Only when the Soviet empire collapsed was Latvian rugby able to strike

out on its own. To qualify for the Murrayfield sevens, however, the new

kids on the block had to beat Russia, Georgia, and Lithuania in a

preliminary tournament in Moscow.

''Russia were strong favourites,'' Ozols told me. ''We had played only

in one major sevens tournament, the Midnight Sun event in Finland three

years ago; I remember the final took place in blazing light at 12

o'clock at night.''

Latvia beat Georgia and the Russians, the Lithuanians setting up the

decider. After having been behind twice, Latvia came through 12-10, with

captain Vladimirs Nikonovs, a tailor to trade, kicking the conversion

that ensures his place in the Hall of Fame.
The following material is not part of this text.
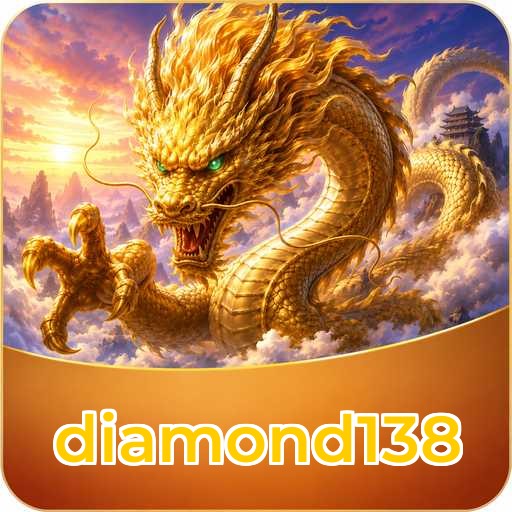 Logo diamond138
Today there are nine clubs and 900 players in Latvia, nothing compared

to those participating in basketball or volleyball, but a growing

interest just the same.

Before the team left for Edinburgh they were received by the state

President, and the Minister of Education's message was: ''Rugby is a

good sport for building the character. The success of our national team

will lead more of our young people to the game to learn agility, great

endurance, and a strong striving to common goals and excellence.''

Sounds like a politician, all right.

The vice-president of the rugby federation, Maris Smits, put it

better: ''This is not just a tournament to us. It is a feast.''

They are a likable lot, the Latvians. Others may complain about the

weather -- they think it is great. They window-shop with intensity.
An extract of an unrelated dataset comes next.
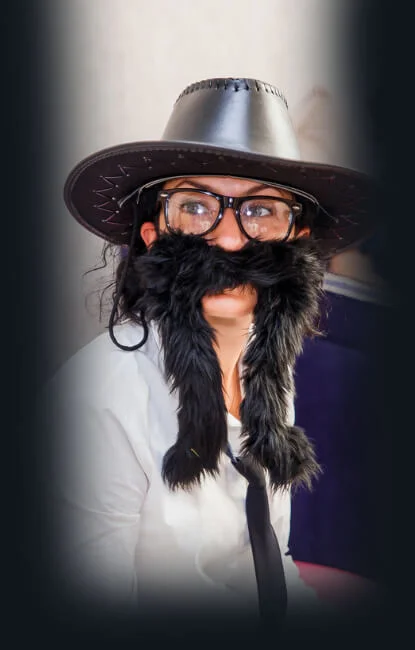 Off-site quests in Perm.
''Do you have any chance of winning a single game,'' I asked manager

Uldis Bautris? ''It is a bad soldier who does not want to be a

colonel,'' he replied, with a broad smile.

Yes, allez Latvia.

* MINNOWS 2. If you fancy the mug's double of all time, you could

couple Latvia with the Republic of China, otherwise known as Taiwan.

Their manager is Jason Lin, a PE teacher, who told me he had taken up

rugby when he was 15.

Students, returning from Japan in this instance, introduced the game

and there are now around 1000 Taiwan players. Like most of the Asian

sides they suffer from a lack of beef and inches -- winger Kuo-Cheng

Hwang may, as his manager declares, be very fast but, at just tipping 10

stones, he had better be.

But the Taiwanese are not novices; they have reached the semi-final of

the Hong Kong plate tournament and the final of the bowl in their time.

''Realistically, our best chance must come in the ties against

Argentina and Italy. Scotland and Australia will be too strong for us,''

insisted Lin. Ah, they all say that.

Rugby comes a long way behind baseball and basketball in Taiwan, but

the manager believes television coverage could bring about a big

increase in his numbers.

''When China takes over in Hong Kong, who knows what will happen?''

Who indeed, but Lin is one of the coaches going to spread the gospel of

the handling code in Peking this summer.

* THE Not-Too-Pleased Team of the Tournament . . . so far! Korea, or

as many of us know them, South Korea.

They were presented with splendid new track-suits for the tournament,

complete with Korean flag . . . only it was the North Korean flag.